We began this project at a time when one of us was newly hired, with a mandate to grow the Oceanography program. 2YCs are thought to be at the cutting edge, training or retraining students today for jobs that do not yet exist. We had global climate change in mind when we began this project; since southern California will be drastically affected by sea level changes, we sought to create a new course (Coastal Oceanography) that will give our students a pathway into the workforce of ocean scientists.
The excitement of such an opportunity was diminished slightly by the concurrent institutional decline in enrollment, and by changes to the state's funding structure that meant that "stand-alone" courses were no longer permitted – that is, new courses needed to be transferable, or part of a degree or certificate program.
Things that worked well that we would do again
Our goal to offer a second oceanography course is on the verge of being reached, thanks to the skills and advice we received along the way from colleagues on and off campus, and guidance from the SAGE 2YC project team and leaders. Our final task is to get the course approved as transferable or as part of a degree.
A SAGE 2YC-sponsored workshop we organized, PathWaves to Success, allowed for incredibly valuable conversations between 2YC and 4YCU ocean science faculty, where both sides learned about the complex processes for getting new courses and programs approved. By attending conferences and workshops for which funding was generously offered through SAGE 2YC and others, we also learned so much about getting teams together and how to approach administrators to get and keep the ball rolling. We recommend to always be on the lookout for these kinds of opportunities.
A new state funding formula for higher education was recently passed in our state. Based on this formula, colleges receive more funding for students who complete a degree or certificate. We are therefore inspired to look into the option of creating an ocean sciences certificate for our students, and tying it in with the Guided Pathways Initiative. This recent change at the state level shows how important it is to keep current with what is going on politically in your state regarding higher education.
Growing a department's focus area (in our case oceanography) takes time. Change does not stand or fall with the introduction of one new course. Even though our new course still needs to pass its final hurdle, we have made great progress in so many other ways to grow oceanography on our campus. To to name a few, we have initiated an oceanography lecture series, maintain an oceanography bulletin board with current news and information (transfer, study abroad, summer research etc.), hold oceanography faculty meetings with a focused effort to include our part-time faculty, have developed hands-on activities for our ocean lecture courses and put boxes together that include the instructional material for easy access for all faculty. Joint field trips, formation of a club, and informal gatherings with faculty and students from other institutions are our next steps in this effort.
Supporting faculty change
The work we did as Agents of Change led us to consider many of the active learning strategies as we sought to design the course. We also benefited from the workshops that trained us in how to generate first a core of interested and enthusiastic supporters, and then to spread this enthusiasm to other colleagues, administrators, and campuses. At this point we have extended our original ocean faculty group to include all Earth Sciences part-time and interested full-time faculty. Building an exceptional community of faculty that is team-spirited, developing and using high quality active learning strategies in the classroom, and maintaining consistency across the board can be fun, valuable for a department, and can make onboarding processes easier for all.

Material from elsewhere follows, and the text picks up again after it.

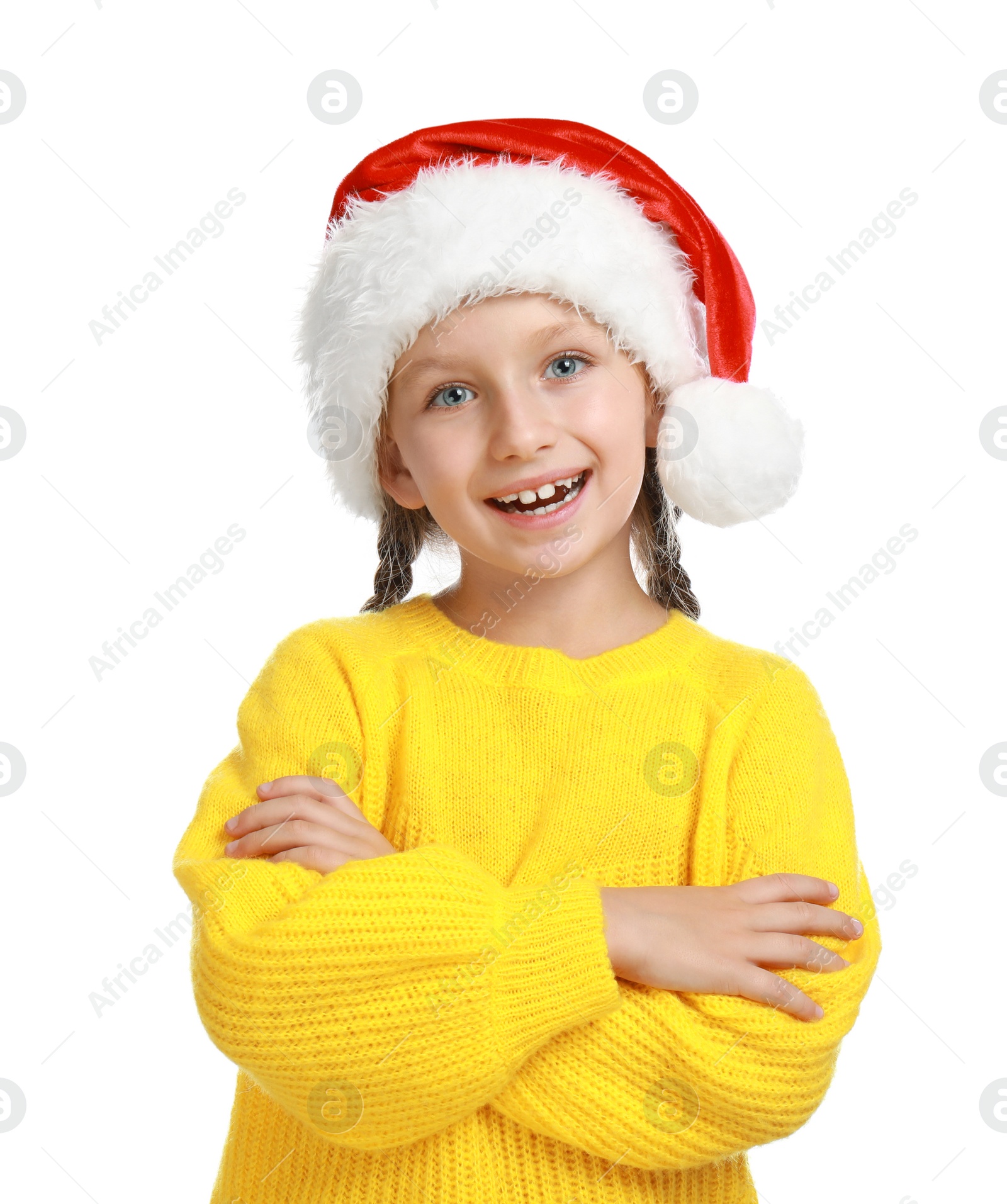 Photo of Happy little child in Santa hat on white background. Christmas celebration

Strategies for overcoming challenges
We are working to get our course to be accepted as transferable, or as part of the requirements for a degree. There is a degree on our campus that we think would benefit tremendously from the addition of this course (Environmental Studies AA degree), and we are pursuing this option.
We held a SAGE 2YC-sponsored workshop in January 2019, to which we invited educators who were interested in expanding Ocean Sciences and who came from 2YC and 4YCUs across southern California. The excitement exhibited at this workshop, in which both sides learned about the challenges that were faced in terms of adding new courses, programs, and transfer agreements, was in fact palpable. Participants asked for another, follow-up workshop so that they could continue the discussions about this idea of creating a workforce of students educated in coastal Oceanography.
Things to think about before you start this type of project
We wish we had known from the start who all the key players on our campus are to give advice on the approval process of a new course. Our articulation officer shared with us that our course was not on the list of transferable courses, because the one similar course that was offered at another college was part of a unique certificate that was not transferable. Reaching out to others, for example our Curriculum and Instruction team, early on in the process is important.
We wish we had known about the challenges faced by 4YC/U faculty and administrators who want to change focus or create new programs at their colleges. We learned about these challenges at our workshop.
We also did not anticipate how much time it might take to create a list of faculty to include in our community, how much lead time they would appreciate regarding attending a workshop, or how it would be impossible to find a similar, lower-division course at any other college, that would enable our college to offer Coastal Oceanography as a transferable course.
Once our new Coastal Oceanography course is approved, we expect it to be offered at least once per year. Students who are interested in an Ocean Science career path will be better situated to transfer to a 4YC/U Ocean Sciences program.